Mary Barra, chief executive officer, dominated the news pertaining to General Motors Co. (GM) in 2014. GM’s massive safety recalls, plus her status as the first woman to lead an automaker, got plenty of attention.

Dan Ammann, GM’s president, naturally has kept a lower profile as second-ranking executive, though he came to office a year ago with Barra and has a portfolio of issues roughly identical to hers. A native New Zealander and industry outsider who joined GM in 2010 via an investment banking career at Morgan Stanley, he’s relatively youthful at 42 and deeply ensconced in leading the automaker’s recovery from the 2009 bankruptcy.

Ammann, like Barra, acknowledged GM leaders must instill a culture of “accountability” among its workers.

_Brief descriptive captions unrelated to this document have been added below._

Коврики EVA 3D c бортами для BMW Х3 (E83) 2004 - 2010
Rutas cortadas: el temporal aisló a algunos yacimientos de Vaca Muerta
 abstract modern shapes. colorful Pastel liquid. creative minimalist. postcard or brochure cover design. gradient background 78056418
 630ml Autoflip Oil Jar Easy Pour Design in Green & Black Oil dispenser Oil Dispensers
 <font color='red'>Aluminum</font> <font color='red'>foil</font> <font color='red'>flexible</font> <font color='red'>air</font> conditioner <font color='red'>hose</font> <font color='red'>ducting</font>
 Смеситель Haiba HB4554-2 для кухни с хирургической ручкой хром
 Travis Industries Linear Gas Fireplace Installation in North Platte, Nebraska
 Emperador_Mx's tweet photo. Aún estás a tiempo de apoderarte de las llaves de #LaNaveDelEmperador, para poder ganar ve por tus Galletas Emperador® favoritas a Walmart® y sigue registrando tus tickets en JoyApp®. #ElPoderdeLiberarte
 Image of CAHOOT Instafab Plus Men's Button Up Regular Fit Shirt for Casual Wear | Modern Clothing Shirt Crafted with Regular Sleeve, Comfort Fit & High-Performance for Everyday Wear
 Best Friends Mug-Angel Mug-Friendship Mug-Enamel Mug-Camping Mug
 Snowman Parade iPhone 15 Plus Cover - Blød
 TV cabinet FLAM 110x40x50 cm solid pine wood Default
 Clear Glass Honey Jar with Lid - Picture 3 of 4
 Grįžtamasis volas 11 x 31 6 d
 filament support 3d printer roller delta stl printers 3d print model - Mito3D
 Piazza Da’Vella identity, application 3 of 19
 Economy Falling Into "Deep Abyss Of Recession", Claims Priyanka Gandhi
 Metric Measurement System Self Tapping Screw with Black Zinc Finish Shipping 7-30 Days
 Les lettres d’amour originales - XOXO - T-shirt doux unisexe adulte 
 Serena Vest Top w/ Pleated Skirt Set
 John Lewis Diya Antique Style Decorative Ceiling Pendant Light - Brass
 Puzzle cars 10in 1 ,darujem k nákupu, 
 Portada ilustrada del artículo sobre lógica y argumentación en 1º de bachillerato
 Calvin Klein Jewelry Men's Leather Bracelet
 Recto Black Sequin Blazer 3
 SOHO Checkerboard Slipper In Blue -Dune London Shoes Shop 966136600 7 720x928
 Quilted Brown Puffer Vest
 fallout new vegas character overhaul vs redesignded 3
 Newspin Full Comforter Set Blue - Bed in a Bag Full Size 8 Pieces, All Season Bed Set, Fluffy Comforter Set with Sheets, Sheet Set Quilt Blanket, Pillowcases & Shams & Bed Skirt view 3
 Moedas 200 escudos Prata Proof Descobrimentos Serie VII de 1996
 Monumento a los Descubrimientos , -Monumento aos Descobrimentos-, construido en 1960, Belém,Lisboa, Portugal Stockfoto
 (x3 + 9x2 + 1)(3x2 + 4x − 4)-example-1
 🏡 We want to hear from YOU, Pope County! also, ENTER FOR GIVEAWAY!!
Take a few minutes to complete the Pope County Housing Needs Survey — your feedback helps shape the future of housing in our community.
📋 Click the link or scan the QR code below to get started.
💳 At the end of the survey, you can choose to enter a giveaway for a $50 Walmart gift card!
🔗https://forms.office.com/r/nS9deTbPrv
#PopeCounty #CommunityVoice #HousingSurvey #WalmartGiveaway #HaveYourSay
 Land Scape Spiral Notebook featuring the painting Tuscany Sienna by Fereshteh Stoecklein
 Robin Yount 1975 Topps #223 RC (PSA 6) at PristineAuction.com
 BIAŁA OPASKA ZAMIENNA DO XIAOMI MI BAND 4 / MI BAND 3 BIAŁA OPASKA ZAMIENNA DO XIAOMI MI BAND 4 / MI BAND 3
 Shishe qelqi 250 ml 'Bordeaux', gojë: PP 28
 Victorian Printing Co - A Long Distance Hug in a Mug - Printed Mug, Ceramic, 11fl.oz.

More accountability could avert future debacles like the design and managerial slip-ups over the past decade that led to a safety flaw in ignition switches linked to a spate of accidents, injuries and 36 deaths.

“Revisiting all our safety and manufacturing processes has led us to more recalls,” he said in an interview.

“We’ve seen a trend to more recalls but smaller ones,” Ammann said. “Lately, fewer recalls as well. We’re finding and acting on issues much earlier, which is why you’re seeing fewer recalls,” affecting fewer vehicles.

In its latest safety recall, disclosed Friday, GM said 2,432 Chevrolet Colorado and GMC Canyon midsize pickup trucks were being repaired due to an airbag wiring flaw. No accidents or injuries have been reported.

On Thursday, GM announced it will roughly double its production capacity in Mexico through 2018, investing $3.6 billion and adding 5,600 jobs.

“We’ve had a long and successful business relationship in Mexico, not just from a competitive standpoint but because of its superior trade agreements,” he said, especially its favorable pacts throughout South America.

GM, which manufactures about 650,000 vehicles and nearly 900,000 engines annually in Mexico, is only one of many global automakers to expand production there. The country ranks seventh among automobile producing nations. GM’s expansion in Mexico no doubt has drawn the attention of the United Auto Workers union, which will begin negotiations this summer with GM, Ford Motor and Fiat Chrysler Automobiles toward a new labor contract.

GM and the other Detroit-based automakers have maintained a rocky relationship with the UAW – Mexico looms as a more and more viable alternative to labor strife in the U.S. if that history can’t be reversed. The UAW agreed not to strike the automakers as a condition of government financial aid during the contract that expires later in 2015. The union wants to create parity between older workers who are better paid under terms of older labor agreements and younger workers whose pay is closer to manufacturing wage rates in other industries.

“There’s a clear recognition by everyone involved that the goal is to have a successful and growing business that will result in more sales and jobs and production” in the U.S., Ammann said.

Significantly, Ammann and Barra are championing a push toward a manufacturing philosophy driven by stronger consumer demand, as opposed to pushing production and stimulating sales with discounts. The trend has started at Cadillac, GM’s luxury franchise “and will spread to other parts of the business as well,” he said.

Look for Ammann to gain more visibility as GM penetrates deeper and more actively into the business issues that are critical toward proving itself a sustainable and healthy company.